Technology Transfer Project

Amazon ResearchAward: Geometry-aware 3D Human Body Animation from Still Photos

Type

Technology Transfer Contract

Start Date

14/03/2019

End Date

14/03/2020

Project illustration

Staff

Project Description

This is a project under an 2018 Amazon Research Award.

Being able to automatically generate 3D animations of the human body from a single image would open the door to many new exciting applications in different areas, including the movie industry, photography technologies, fashion and e-commerce business, to name a few. Recent advances in Generative Adversarial Networks (GANs) have shown impressive results for the related task of facial expression synthesis. In [Pumarola ECCV 2018] we introduced one such approach that anatomically encodes facial expressions in a continuous manifold. Automatic facial animation with GANs, however, has been addressed from a purely 2D perspective, being thus limited to single viewpoints, typically fronto- or quasifrontoparallel faces.

In this project, we will extend this problem to the full human body and varying viewpoints, and given a single photo of a person, we will research approaches to forecasting his/her motion and synthesizing the associated images, even when these involve different body orientations and changing postures.

Compared to face animation, bringing still images of the full body to life involves dealing with a much larger variability of body configurations and appearances due to the clothes. Concretely, addressing this complex endeavor requires resolving a number of sub-tasks including foreground-background segmentation, single-image 3D human pose and shape estimation, action recognition, motion prediction, and photorealistic image synthesis. Each one of these problems is, by itself, tremendously challenging.

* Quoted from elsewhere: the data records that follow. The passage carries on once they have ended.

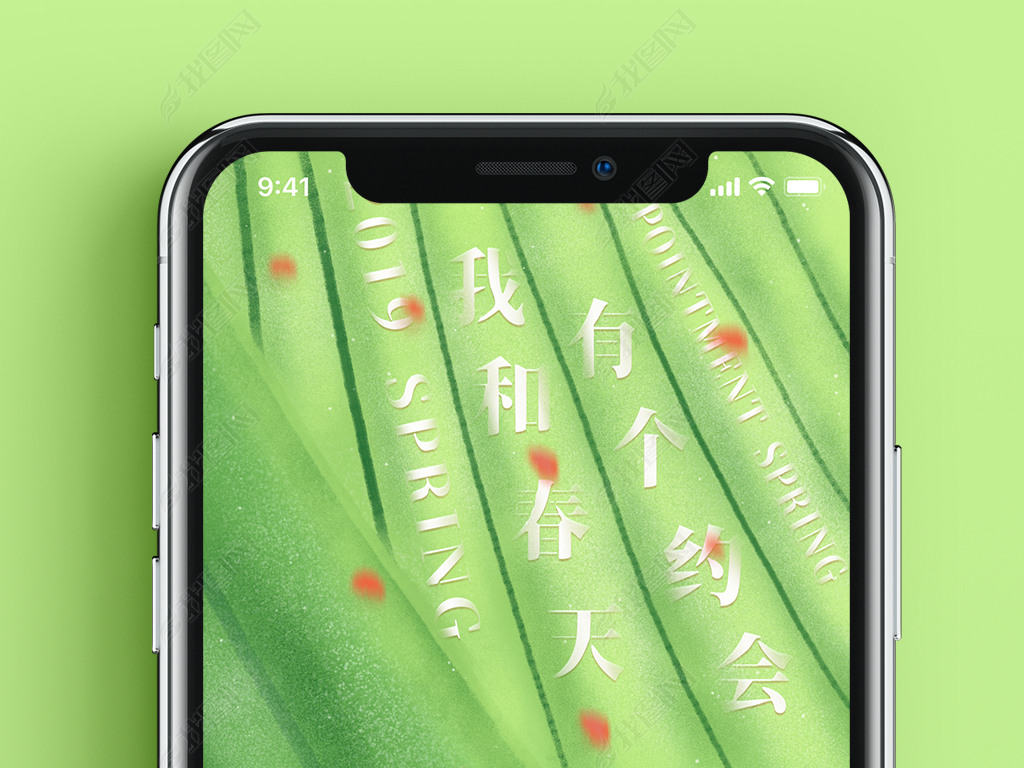 廭ýͼֻapp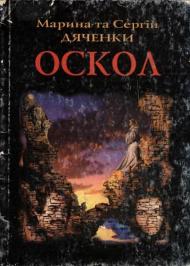 Оскол Оскол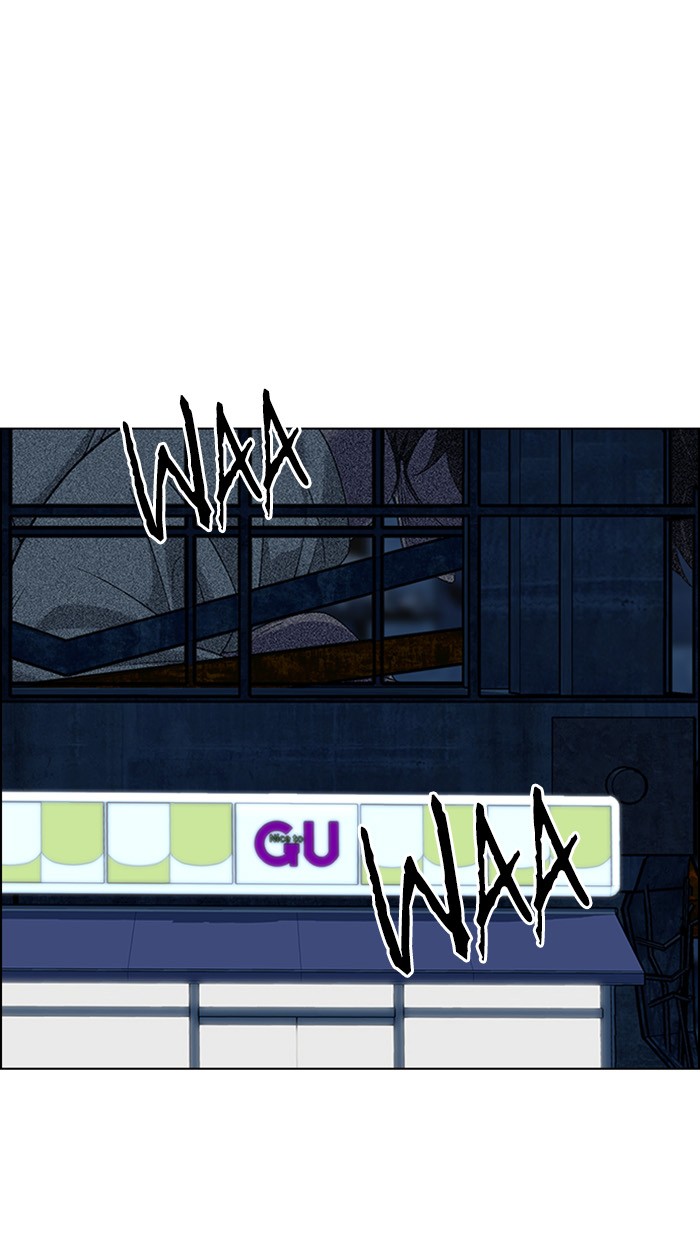 Dice Chapter 304 Gambar 53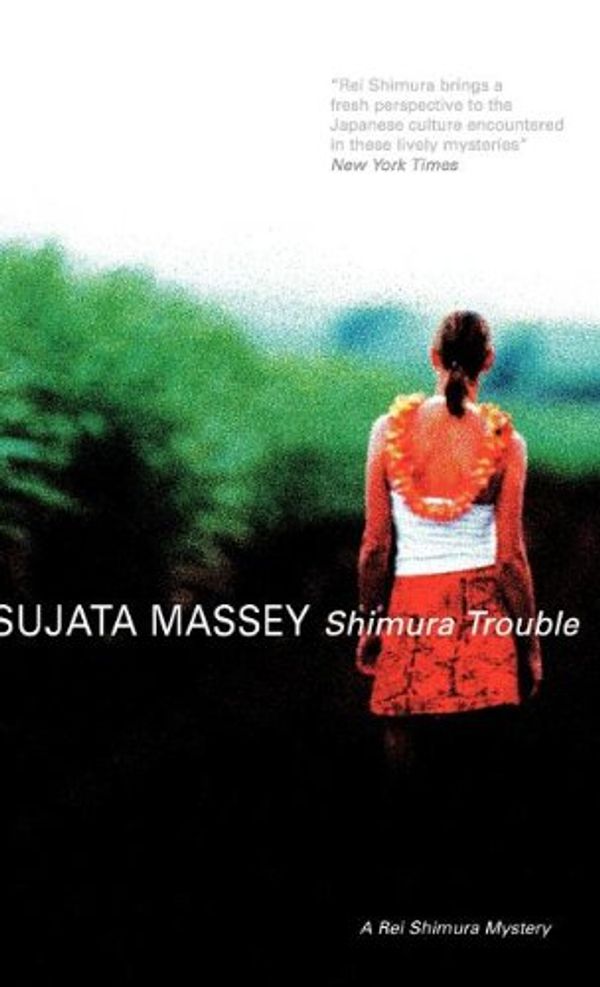 Cover Art for 9780727866011, Shimura Trouble by Sujata Massey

Yet, we aim at developing GAN architectures able to tackle all of them by integrating different sources of information, either through novel geometry-aware differentiable modules able to estimate and predict human pose and shape, loss functions enforcing photorealism of the synthesized images, as well as attention mechanisms that focus on the region of the image where the person is located.

An additional difficulty is that there is no available dataset of human action video sequences annotated with accurate volumetric body shape parameters and background segmentation masks. Since this type of dataset is indeed very difficult to acquire, we will intend to develop approaches that use as little supervision as possible.